Como são empresas que precisam estar alavancadas para realizar os investimentos em diversos projetos, elas se beneficiam de juros baixos para fazer tais operações — de forma que um leve estresse fiscal, como temos visto nas últimas semanas nos mercados, que mexa com a curva de juros, pesa no desempenho dessas ações.
O endividamento líquido é um ponto a ser monitorado tanto em CCR quanto EcoRodovias: o da primeira superou R$ 14 bilhões, subindo 4%, e o da segunda chegou a R$ 6,7 bilhões, em alta de 6% no segundo trimestre.
A alavancagem da EcoRodovias atualmente é a mais elevada entre as três, de 3,3 vezes. A empresa, no entanto, apresentou um crescimento de 47% no lucro no segundo trimestre, apesar da queda na receita líquida refletindo o menor tráfego em suas concessões.
Segundo a analista da Mauá Capital, a oportunidade de um novo investimento da parte de CCR e EcoRodovias empresas faria a gestora "voltar a olhar os papéis tranquilamente. "Mas hoje, o que vem pela frente não nos atrai", afirma ela, citando os riscos de alta das taxas de juros e do surgimento de novos players no segmento.

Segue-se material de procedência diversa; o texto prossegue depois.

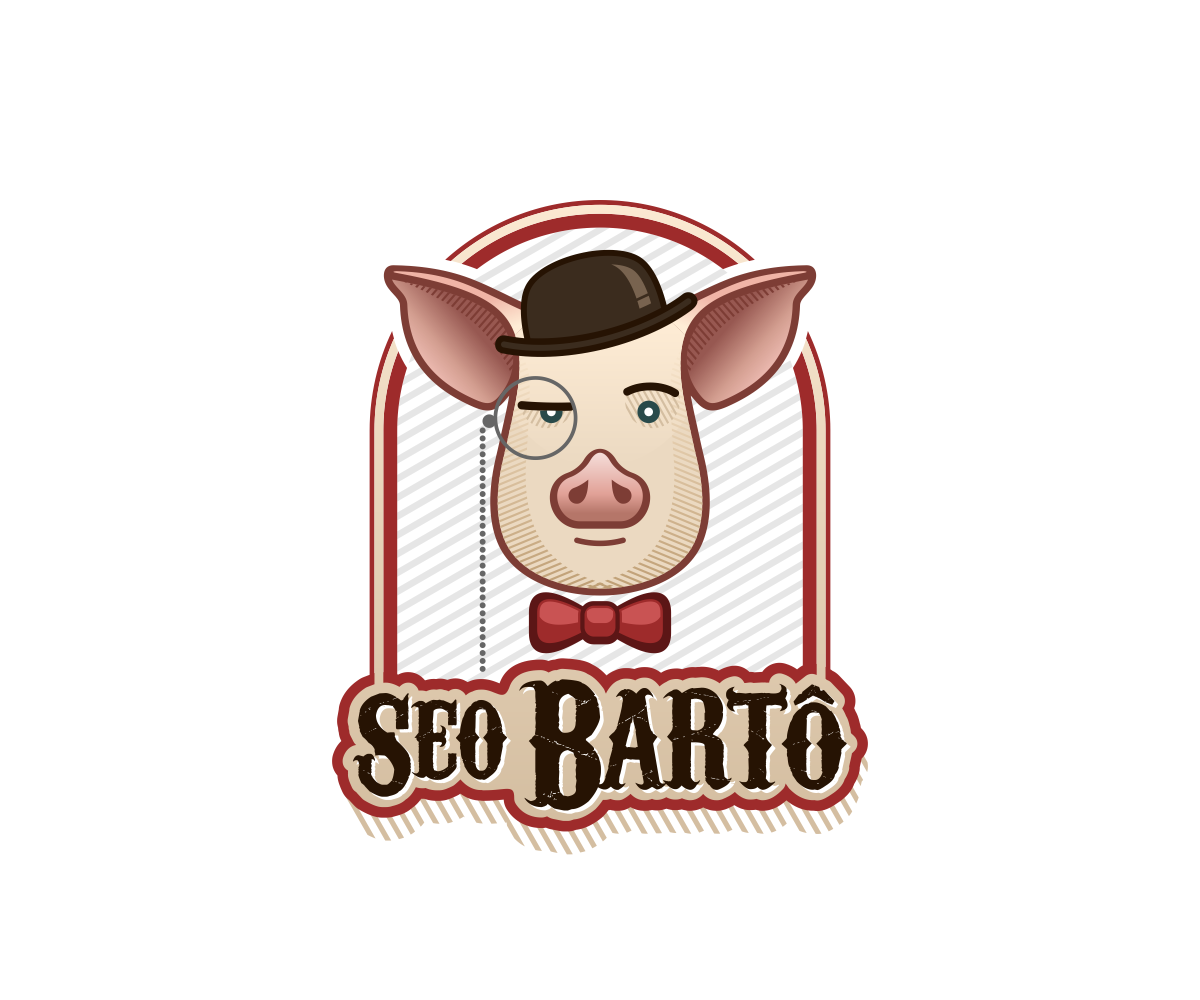 Logo Design by El Ojo creativo for this project | Design #14880287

Na linha da CCR, a companhia tem apresentado melhora nas movimentações em suas rodovias.
O volume de tráfego verificado no ano até 11 de outubro totaliza uma queda de 5,2% em relação ao mesmo período do ano passado. "O setor foi bastante impactado mas vem apresentando retomada rápida", diz a Guide.
Até aqui no ano, os papéis da EcoRodovias caíram 27,73%. O UBS apresenta visão neutra tanto para CCR quanto EcoRodovias neste momento.
Desde o sell-off de fevereiro e março, o banco observou em junho que a CCR subiu 47% e Ecorodovias 64%.
"Nós preferimos ECOR já que estimamos que o reequilíbrio financeiro pendente (não relacionado ao COVID-19) poderia adicionar R$ 4,9/ação ao papel (dos quais R$ 4,7 já estão precificados)", escreveram os analistas.